Embed Previews For URLs
Embedding content into posts has also become a much nicer process. One of my irks with the visual editor used to be that it wasn’t visual enough. Not that long ago, you just got a grey box in place of a gallery or other media/embed items. The “Smith” release took care of galleries and 4.0 is taking care of a host of other items. If you paste a YouTube URL in text mode, it will render as a video in visual mode. How handy is that?
I find this a lot more pleasing to work with — I see exactly what I’m going to get. The media modal’s insert from the URL feature is getting the same upgrade. As soon as you’ve entered a URL, the video will load — playable and all! The good news is that it works with all the services you’d expect, from Vimeo to Twitter, Hulu and Flickr. Scott Taylor (who is a core contributor working on this) has kindly gathered some test URLs. I recommend checking out Trac ticket to find out more in this regard.
Media Section Grid
The media section now has a grid view by default. This isn’t a groundbreaking coding feat by any measure, but it does introduce a sleeker UI which is perhaps a glimpse of what is coming up in the future.
While this is a minor change, it does give you a way better overview of your media files than the default view of 20 images in a list.
Plugin Discovery And Installation
In my opinion, the plugin “Add New” page got a much needed makeover. The top navigation looks a lot like the new navigation in the media section — another indication of a slightly more modern interface creeping into the system. Plugins in the list view are displayed in a much more visual fashion, and it looks like it’s time for developers to start making thumbnails! While the plugin details screen could use a makeover as well, I’m sure this is a work in progress and will be explored further.
Better Post Editing
One feature I’m particularly happy with is how the editor height has been changed to use screen real estate better. Mark Jaquith painted a great picture of the problem:
“The post editor feels like it has been relegated to a box of medium importance on the edit/compose screen.”
UI Improvements For Widget Customization
It’s great that widgets have been included in the theme customizer. Usually, if you had more than five to six widgets, things became a bit too crowded. Fortunately, the new WP version has now put all widgets into a sub-section of the customization screen. This essentially minimizes them when not needed — a welcome UI improvement for sure!
Join The Fun
As always, the latest development versions can be tried out pretty easily. By installing the WordPress Beta Tester plugin you can update to the latest beta builds or nightlies and play around with the brand new features.
If you happen to find any bugs, you can add them to the WordPress Trac and you can even fix them and contribute to the core!
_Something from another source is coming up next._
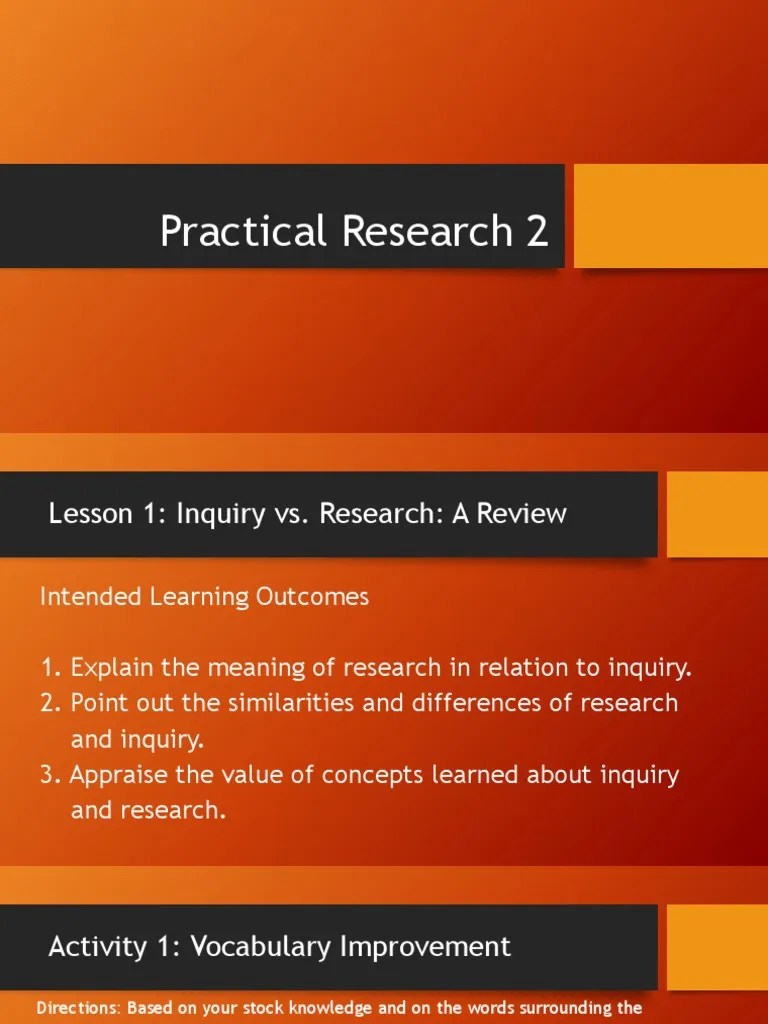 1. Inquiry vs Research | Inquiry | Scientific Method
WordPress is a community project, and every little bit helps!
While I agree that WordPress 4.0 isn’t the same leap as 3.0 was, I disagree with this being a problem. Instead of adding more and more features, the team is consolidating existing features and working hard to bring us a better user experience.
The features above will actually affect how I use the day-to-day features of WordPress in a positive way. While I may not be able to post from my Google Glass (partly because I don’t have one), the ability to use WordPress better is far more important.